Save one slight bobble, center Freddie Burden and quarterback Justin Thomas successfully executed all 59 snaps in the game, which is particularly noteworthy because it was not only Burden and Thomas’ first starts but also Burden’s first college game. Thomas also handled all of his handoffs, pitches and tosses without putting the ball on the ground.
Tech’s only miscue in that department was returner Jamal Golden’s fumble of a second-quarter punt. Fortunately for the Jackets, it rolled out of bounds to allow Tech to retain possession.
“As you can see, I’m a little rusty, but I expected that coming into the first game, so hopefully, knock that out and that doesn’t happen again,” Golden said.
Last season, Tech fumbled 28 times.
The tackling was a weak spot. Repeatedly on Saturday, defenders pursued the ball at incorrect angles, allowing Wofford ball carriers to get deep into the defense.

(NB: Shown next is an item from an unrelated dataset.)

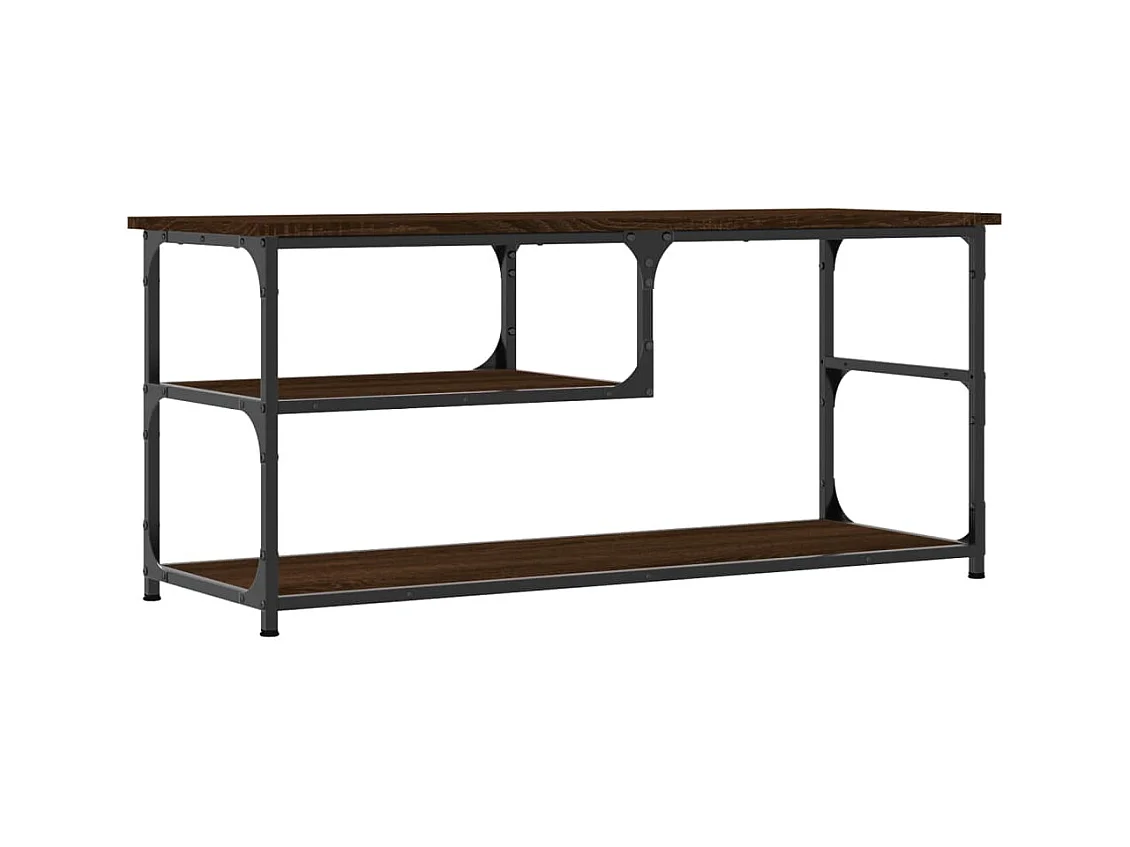 Meuble TV chêne marron 103x38x46,5 bois d'ingénierie et acier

The actual tackling was not in peak form, either, as the Terriers broke multiple tackles to gain extra yards. While he played a strong overall game, defensive end Roderick Rook-Chungong had a critical miss. On a fourth-and-2 play in the fourth quarter, Rook-Chungong had quarterback Michael Weimer lined up in the backfield, but let him spin away for a first down. Wofford went on to score a touchdown on the drive, with the drive’s final two plays also extended by missed tackles.
Communication was another trouble spot. Linebacker Quayshawn Nealy said that the defensive line didn’t receive some play calls from the linebackers.
Tulane, the Jackets’ next opponent, doesn’t necessarily look like a world beater. In a preseason media poll, the Green Wave were picked to finish ninth in the American Athletic Conference, tied with Connecticut. Thursday, Tulane lost in double overtime to Tulsa, which was 3-9 last season and picked to finish last in the AAC.
“(Defensive coordinator Ted Roof) didn’t have too much to say, besides we have some work to do,” Nealy said. “That was a given, but he did say that the next team is going to play a whole lot harder and they’ve got more talent that the guys that came in (Saturday).”